Aptly named, watching Kyle Abraham’s Love Letter (on shuffle) feels like listening to a playlist. The sections shared thematic qualities but felt disconnected especially so with every blackout at the close of a song, the visual interpretation of hitting next.
Abraham paired up with designer Giles Deacon and music by James Blake, both previous collaborators. Deacon’s costumes featured abstract Renaissance prints as well as nods to the time period’s wardrobe with ruffles, bows, and extra-large romantic tutus.
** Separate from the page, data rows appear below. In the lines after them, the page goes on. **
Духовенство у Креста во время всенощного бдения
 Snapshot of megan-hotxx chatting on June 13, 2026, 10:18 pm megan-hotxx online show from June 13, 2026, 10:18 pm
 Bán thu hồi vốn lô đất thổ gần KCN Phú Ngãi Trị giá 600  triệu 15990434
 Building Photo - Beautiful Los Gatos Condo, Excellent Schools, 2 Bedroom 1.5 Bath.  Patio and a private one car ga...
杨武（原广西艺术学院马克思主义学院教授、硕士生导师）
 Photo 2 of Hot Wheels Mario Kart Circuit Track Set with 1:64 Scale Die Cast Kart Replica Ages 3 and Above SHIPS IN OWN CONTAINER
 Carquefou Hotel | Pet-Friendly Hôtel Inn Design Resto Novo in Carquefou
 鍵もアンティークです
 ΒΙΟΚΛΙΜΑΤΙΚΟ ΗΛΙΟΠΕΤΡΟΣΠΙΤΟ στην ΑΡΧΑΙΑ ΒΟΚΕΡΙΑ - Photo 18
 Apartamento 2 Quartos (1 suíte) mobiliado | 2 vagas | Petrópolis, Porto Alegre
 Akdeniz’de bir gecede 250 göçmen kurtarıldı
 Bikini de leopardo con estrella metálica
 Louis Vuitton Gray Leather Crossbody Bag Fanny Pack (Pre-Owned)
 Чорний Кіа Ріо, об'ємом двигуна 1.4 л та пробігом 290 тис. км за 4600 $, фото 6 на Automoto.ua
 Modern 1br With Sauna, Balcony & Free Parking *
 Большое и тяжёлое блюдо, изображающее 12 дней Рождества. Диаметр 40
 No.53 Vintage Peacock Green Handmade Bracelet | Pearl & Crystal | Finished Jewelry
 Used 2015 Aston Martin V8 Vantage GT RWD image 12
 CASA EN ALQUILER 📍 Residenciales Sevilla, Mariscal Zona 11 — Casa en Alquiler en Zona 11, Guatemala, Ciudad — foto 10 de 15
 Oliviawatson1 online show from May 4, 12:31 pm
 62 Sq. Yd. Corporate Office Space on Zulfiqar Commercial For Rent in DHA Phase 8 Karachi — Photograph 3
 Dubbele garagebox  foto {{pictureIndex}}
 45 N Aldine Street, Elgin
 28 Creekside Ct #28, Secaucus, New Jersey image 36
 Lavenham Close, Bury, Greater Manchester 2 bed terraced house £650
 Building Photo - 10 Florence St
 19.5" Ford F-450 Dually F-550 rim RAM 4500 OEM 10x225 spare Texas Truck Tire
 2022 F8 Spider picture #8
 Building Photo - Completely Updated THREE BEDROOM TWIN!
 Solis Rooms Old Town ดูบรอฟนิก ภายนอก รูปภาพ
With falsetto notes and bubbly electronics, Blake is inspiring accompaniment.
Jonathan Fahoury absorbs Abraham’s technique, expertly switching from balletic gargouillades to rippling undulations and electric locking. But the highlight of the work are the three central pas de deux.
Quinn Starner and Cainan Weber are the sweet, young, enamored couple – Starner often running to the side to giggle with girlfriends. The work here is quick, twisty, and bright with the two playing off each other, an on-stage frolic.
Emily Kikta and Peter Walker, both expansive and long-legged, show a more mature relationship. Blake poetically lulls:
“I reserve a table for old time
Back then, it wouldn’t have even crossed my mind
But I promise you, your place is safe”.
The third coupling featured Fahoury and Harrison Ball. Their repeated theme step is a synchronized adagio, hands on each other’s shoulders and standing side by side, they slowly developpé their legs in the air. This duo feels a bit more troubled, a bit more challenged by a mysterious pressure. Their foreheads press against each other in beautiful simplicity and a last embrace is what closes the number.
Three new works, three peaceful endings. It’s rare to see a mixed bill of new works that end with similar closing tones. Almost like we’ve been yearning for some stillness.